Taylor Hampton consultant Patrick Daulby has secured a £42,500 damages payout from the The Times newspaper for NightJack blogger Richard Horton.
The newspaper’s publishers, Times Newspapers, instructed a Linklaters team led by commercial litigation partner Christa Band and global litigation head Michael Bennett and associate Emily Cox. Their instructed counsel was Michael Silverleaf QC of 11 South Square Chambers. Band and Silverleaf are instructed as advisers for News International on all outstanding phone-hacking claims against it, having replaced Olswang (15 March 2012).
Daulby, Taylor Hampton consultant Mark Lewis and Hogarth Chambers’ Jeremy Reed ensured the payout for Lancashire detective Richard Horton, who was exposed by The Times as the author of the anonymous NightJack police blog when a reporter hacked into his personal email account in 2009 (13 April 2012).

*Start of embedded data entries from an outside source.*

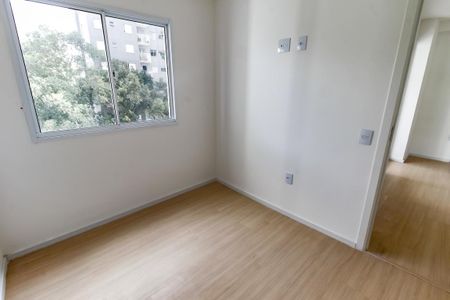 Apartamento para alugar com 36m², 1 quarto e sem vaga Apartamento para alugar com 36m², 1 quarto e sem vagaQuarto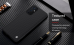 Обложка книги «Nillkin Textured Hard Case for OnePlus 9 Black»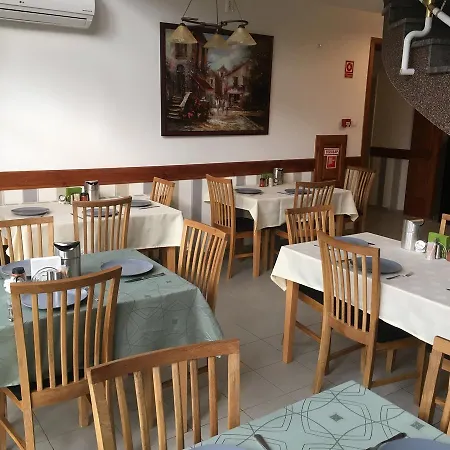 Zoeldteto Panzio Balatonfüred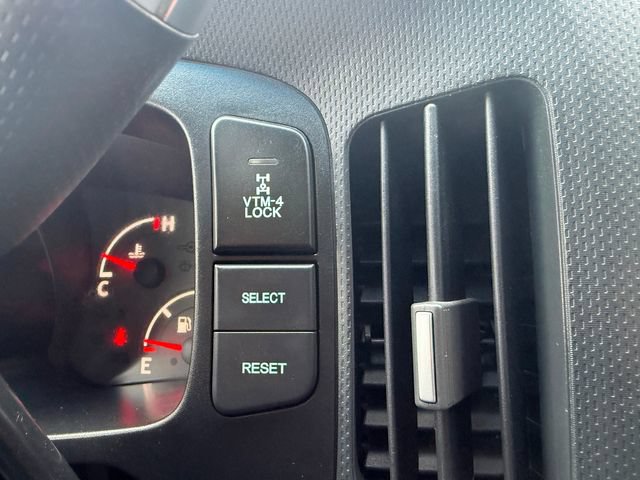 Used 2007 Honda Ridgeline RTL image 11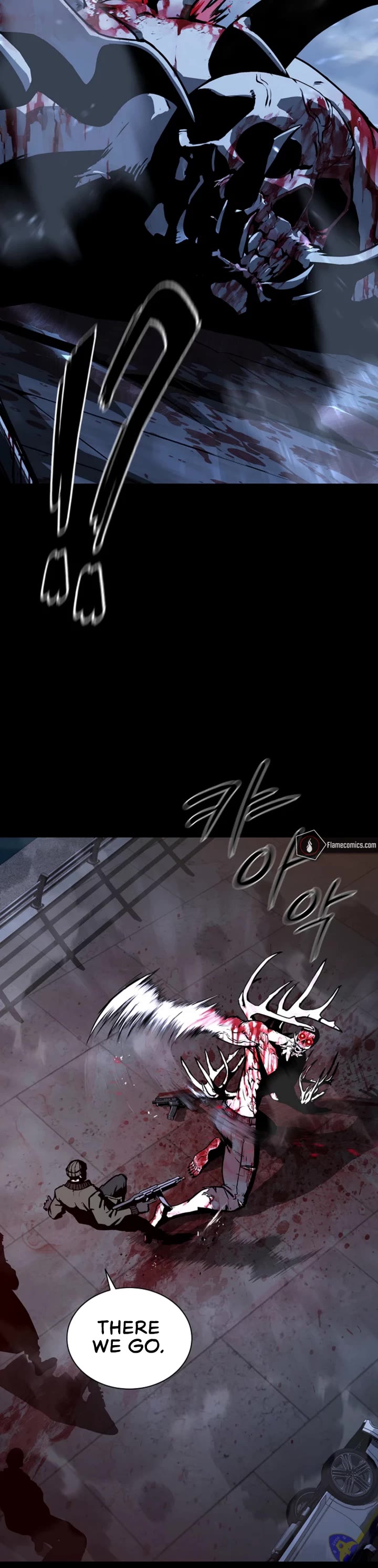 Reveries of the Moonlight (2026) chapter 22 page 17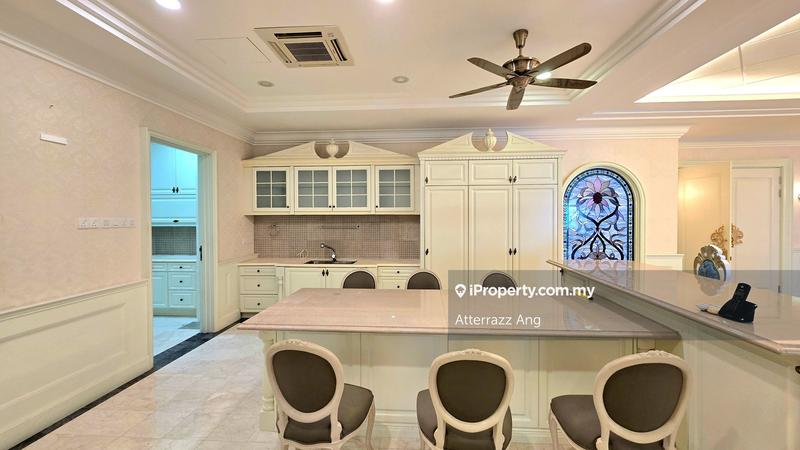 Condominium for Sale in Skyhome by Atterrazz Ang - iProperty.com.my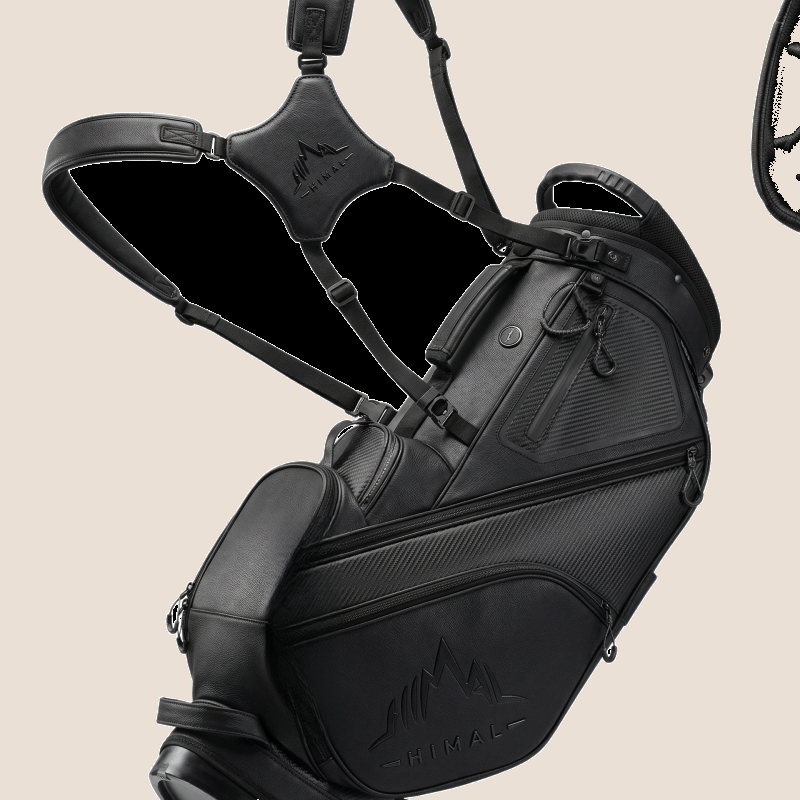 Tour Golf Bag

The costs to be paid by The Times, which are yet to be confirmed, are expected to be six figures, The Lawyer understands.
Horton claimed aggravated and exemplary damages from Times Newspapers for breach of confidence, misuse of private information and deceit.
Reed has been involved in several phone-hacking cases including acting for former footballer Paul Gascoigne, actor Steve Coogan and politician George Galloway in phone-hacking claims against the News of the World and private investigator Glenn Mulcaire.
Last year it emerged that former The Times reporter Patrick Foster had admitted to bosses that he had hacked into Horton’s private email account before publication and that the paper had not made the High Court aware of that when it succeeded in overturning an injunction preventing it from naming NightJack.
A criminal investigation is ongoing. Alastair Brett, the former legal chief at The Times, has been interviewed under caution by police investigating allegations of computer hacking in relation to the NightJack case (21 September 2012). He is being represented by Corker Binning associate Anna Rothwell.
In an article published in today’s The Times, the paper confirmed it had agreed to pay Horton damages plus legal costs.
The email hacking emerged in evidence given by The Times editor James Harding to the Leveson Inquiry into press standards.